Every line of the listing below should come back exactly as written, with no images.

* **Dataset section**
::::
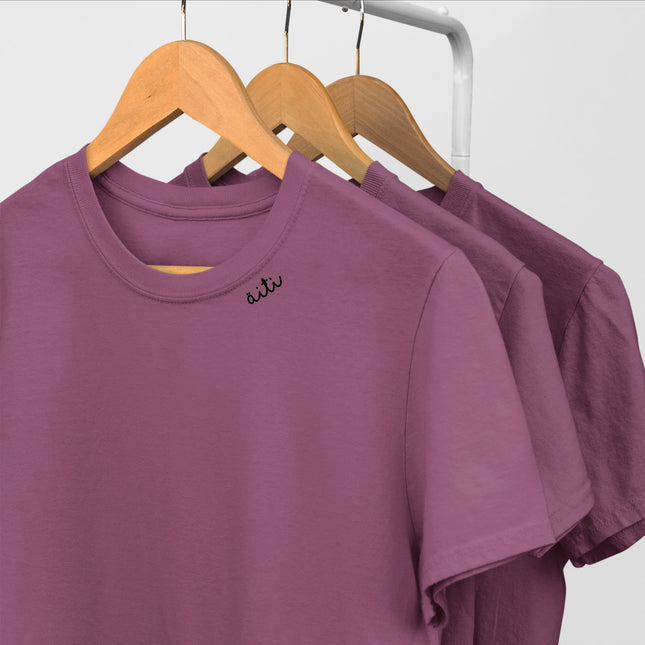 Embroidered Collar Organic Cotton T-shirt "Äiti" (FI) - LoveStyle World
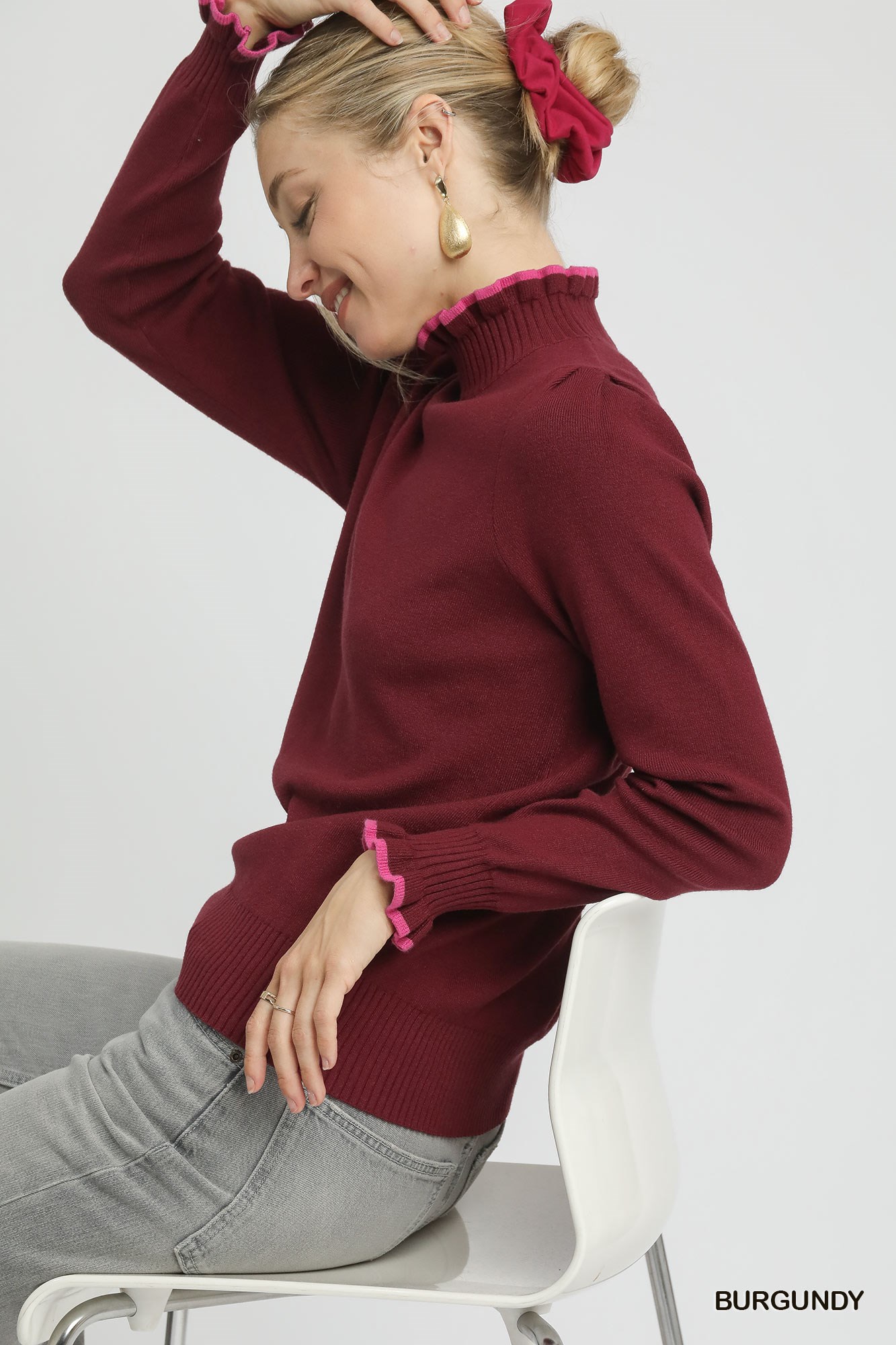 Ribbed Round Neck Sweater with Ruffle Contrast Trim, image 4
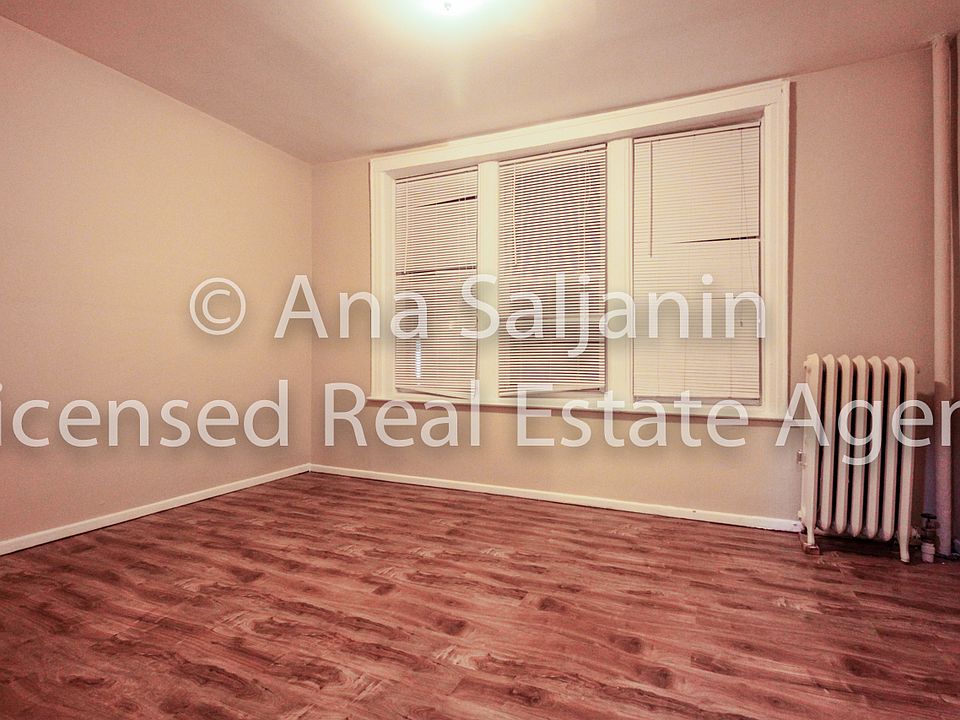 1st image of 4707 30th Ave #1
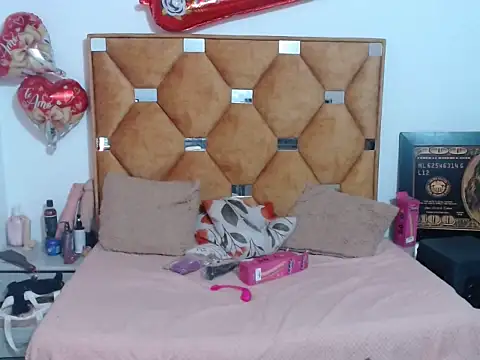 CATTALINAHOT online show from April 2026 03:19:01 AM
::::
* **Your response**
 Embroidered Collar Organic Cotton T-shirt "Äiti" (FI) - LoveStyle World
 Ribbed Round Neck Sweater with Ruffle Contrast Trim, image 4
 1st image of 4707 30th Ave #1
 CATTALINAHOT online show from April 2026 03:19:01 AM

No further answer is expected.